Why did I ignore the flowers? Then came the cleansing rains –


Not so very long ago, I noticed the flowers in my yard were wilting and I walked right by. I felt a little wilted myself, and I just sighed a commiserating sigh and left them to their plight as I’d left my heart to my own.

The day after I did the same, and the next day, and the next one too. Each time I saw them, I just thought, I know, dear flowers, I know.

On that fourth day though, I knelt down as I hurried off to do the things I had to do, I only had a moment and I don’t know why I stopped, there was nothing I could do to quench their thirst right then, nor my own, but still – I stopped and stared.

I swear I saw them quiver in some tiny bit of anticipation at my presence, but I walked away. Again. I promised myself to care for them, I knew they needed me. By the time the day had passed, my energy was spent and the flowers and I, both weary and filled with desperate thirst, were blanketed in the dark of another night.

When morning came the sky stayed darkened and bits of the heavens began to fall, the world outside my window glistened with every raindrop that fell, and the earth and the flowers soaked each one in. I looked out my rain-spattered window and saw the flowers dancing as the water from the sky fell to caress each tiny, wilted leaf – they were dancing – and I cried.

My tears fell as the rains came down to cleanse and nourish the land. At first they were tears of sadness, filled with frustration, guilt, anger . . . but then, my heart began to still, though the tears still poured in rivulets from my tired eyes.

Why did I ignore the flowers?

As the afternoon sun spilled forth rays of warmth, the flowers stood a little taller. The dust I’d let settle upon them was washed away and I swear, they were standing a little taller. The cleansing rains renewed and refreshed and replenished them, and in some way, those same rains gave me permission to cry and cleanse something in me as well, perhaps they came to make me see and feel and remember – remember to care for myself before I wilt and forget to water my garden.

I think I may be standing a little taller . . . maybe tomorrow I will stand even taller still.

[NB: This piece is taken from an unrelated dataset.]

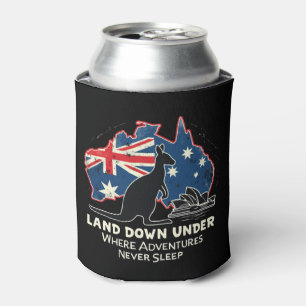 Australia Kangaroo Aussies Land Down Under Can Cooler
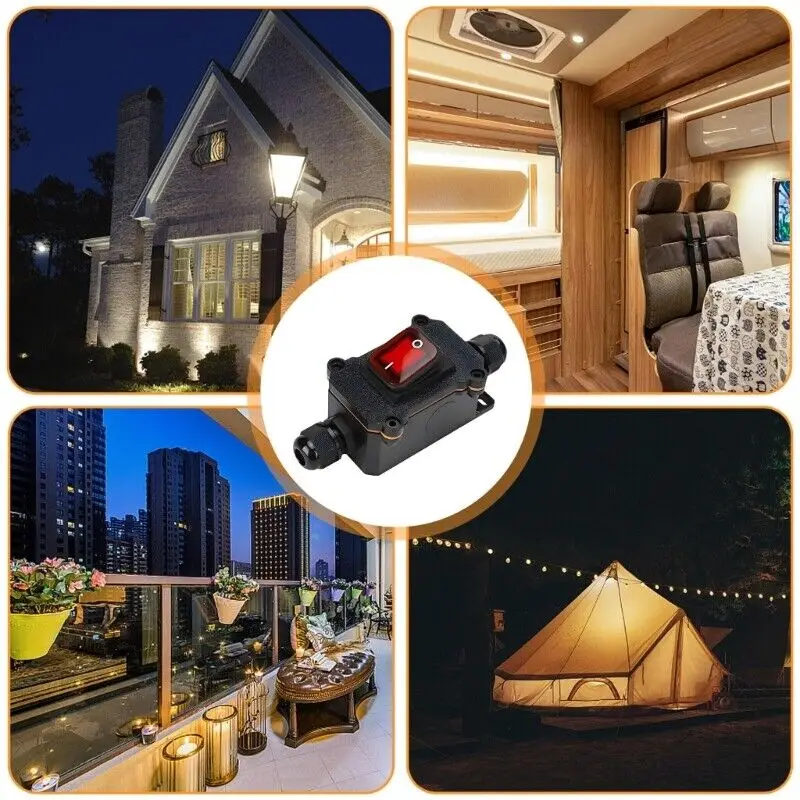 12v Heavy Duty Waterproof Inline Switches -  Power Cord Switch For Inline Control & Outdoor Use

22 days, approx. 6000 pages, & shimmering stars

22 days ago I found myself in a rather anxious state. I was fraught with slivers of sadness and fretful with fits of frustration. I realized I was overwhelmed and so, so tired. Unable to disencumber myself from these loathsome sensitivities, I made a hasty retreat into the safety and security of my little bubble and tried to shield myself from however much of the world I could. It was my intent to settle into a soul soothing solace for a few days, but my melancholy managed itself into a moroseness I found difficult to soothe. Before long, I was floating through each day upon a virtual ocean of apathy.

Reading was my only comfort, so I read page after page, book after book (15 of them), sequestering myself from just about everything – the computer, the phone, the kids, the husband, the laundry . . . I drank coffee and devoured words until one afternoon I finally felt the sun on my skin, heard the birds singing, and sensed a flutter of emotion stir in my heart.

I’m not entirely certain what precipitated the gloomy shadow that tried to swallow me, nothing particularly unpleasant or dreadful occurred, there wasn’t some fantastical event that sent me spiraling downward into the depths of despair. I suppose it was simply life and the living of it. Sometimes we just need a break for a few days, or 22 as the case may be.

The first 18 days were spent doing little else aside from thinking, reading, and avoiding human contact. I interacted as little as possible with everyone. I avoided any and all responsibilities I could possibly avoid. I just wanted to be alone. With my books. I sat on the porch with them from morning till night and then sat with them some more in my room until sleep would come.

Somewhere in the middle of my madness, I received a blessing so lovely I saw stars, literally. I almost ignored the stack of mail the postman delivered, but I noticed the corner of an envelope peeking out between the bills I’d eventually have to deal with and it practically called out to me. I slipped it from the pile and was surprised to find it was hand addressed . . . to me.

When I saw the postmark I couldn’t help but smile. It said Royal Mail and it had traveled a long way to bring me a smile. I opened the envelope carefully, I knew there would be more than lovely words inside, and when I opened the card, the sun twinkled off of the glittering stars that awaited me.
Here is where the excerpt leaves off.